Exercise requirements =
Pull each line containing "BRACKET" out of the listing below.

Input data =
------
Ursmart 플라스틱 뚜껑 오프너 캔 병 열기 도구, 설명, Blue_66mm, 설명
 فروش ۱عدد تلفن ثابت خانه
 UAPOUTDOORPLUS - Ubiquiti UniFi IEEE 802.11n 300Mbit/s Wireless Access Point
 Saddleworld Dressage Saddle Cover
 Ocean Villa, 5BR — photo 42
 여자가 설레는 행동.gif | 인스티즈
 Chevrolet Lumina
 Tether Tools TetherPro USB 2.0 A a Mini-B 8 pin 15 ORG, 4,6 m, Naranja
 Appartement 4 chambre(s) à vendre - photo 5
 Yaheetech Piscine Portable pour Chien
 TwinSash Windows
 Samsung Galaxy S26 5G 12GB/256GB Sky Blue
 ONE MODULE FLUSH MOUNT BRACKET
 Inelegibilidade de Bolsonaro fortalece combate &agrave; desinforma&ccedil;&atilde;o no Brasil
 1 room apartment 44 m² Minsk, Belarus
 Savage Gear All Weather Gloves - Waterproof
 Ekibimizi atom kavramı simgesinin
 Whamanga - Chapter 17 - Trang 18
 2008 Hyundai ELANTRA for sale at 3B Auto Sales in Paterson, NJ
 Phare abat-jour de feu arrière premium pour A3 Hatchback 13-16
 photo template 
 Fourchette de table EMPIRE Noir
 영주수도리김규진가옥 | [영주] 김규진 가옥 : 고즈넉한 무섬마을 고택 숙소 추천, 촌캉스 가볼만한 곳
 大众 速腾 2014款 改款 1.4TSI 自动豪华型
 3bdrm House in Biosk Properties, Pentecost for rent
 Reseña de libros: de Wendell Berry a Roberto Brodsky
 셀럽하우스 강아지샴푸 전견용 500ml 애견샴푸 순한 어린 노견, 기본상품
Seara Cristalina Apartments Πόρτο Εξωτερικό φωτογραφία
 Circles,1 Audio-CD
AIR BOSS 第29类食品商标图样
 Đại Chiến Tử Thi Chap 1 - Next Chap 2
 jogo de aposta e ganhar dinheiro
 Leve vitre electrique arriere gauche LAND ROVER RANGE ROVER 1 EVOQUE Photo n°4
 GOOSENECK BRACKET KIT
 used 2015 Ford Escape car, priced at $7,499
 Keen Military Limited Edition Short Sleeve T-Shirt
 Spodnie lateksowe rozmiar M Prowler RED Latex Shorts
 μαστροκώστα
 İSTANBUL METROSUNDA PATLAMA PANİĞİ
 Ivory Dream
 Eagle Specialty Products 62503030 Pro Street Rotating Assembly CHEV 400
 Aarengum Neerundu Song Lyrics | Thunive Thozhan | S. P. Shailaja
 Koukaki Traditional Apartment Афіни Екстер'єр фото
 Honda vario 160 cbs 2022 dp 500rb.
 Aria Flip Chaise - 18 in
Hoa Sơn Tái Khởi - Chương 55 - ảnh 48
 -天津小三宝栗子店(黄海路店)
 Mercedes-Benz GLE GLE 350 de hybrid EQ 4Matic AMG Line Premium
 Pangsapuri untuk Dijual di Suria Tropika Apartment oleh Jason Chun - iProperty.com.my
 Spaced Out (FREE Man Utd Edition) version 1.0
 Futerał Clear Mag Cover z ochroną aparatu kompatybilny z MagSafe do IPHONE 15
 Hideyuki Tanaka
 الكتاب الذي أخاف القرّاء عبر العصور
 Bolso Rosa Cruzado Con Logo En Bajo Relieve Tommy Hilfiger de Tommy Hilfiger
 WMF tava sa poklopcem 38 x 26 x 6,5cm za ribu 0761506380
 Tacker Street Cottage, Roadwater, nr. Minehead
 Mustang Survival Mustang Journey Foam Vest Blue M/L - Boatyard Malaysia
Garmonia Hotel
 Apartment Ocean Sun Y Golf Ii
------
Solution to the problem =
 ONE MODULE FLUSH MOUNT BRACKET
 GOOSENECK BRACKET KIT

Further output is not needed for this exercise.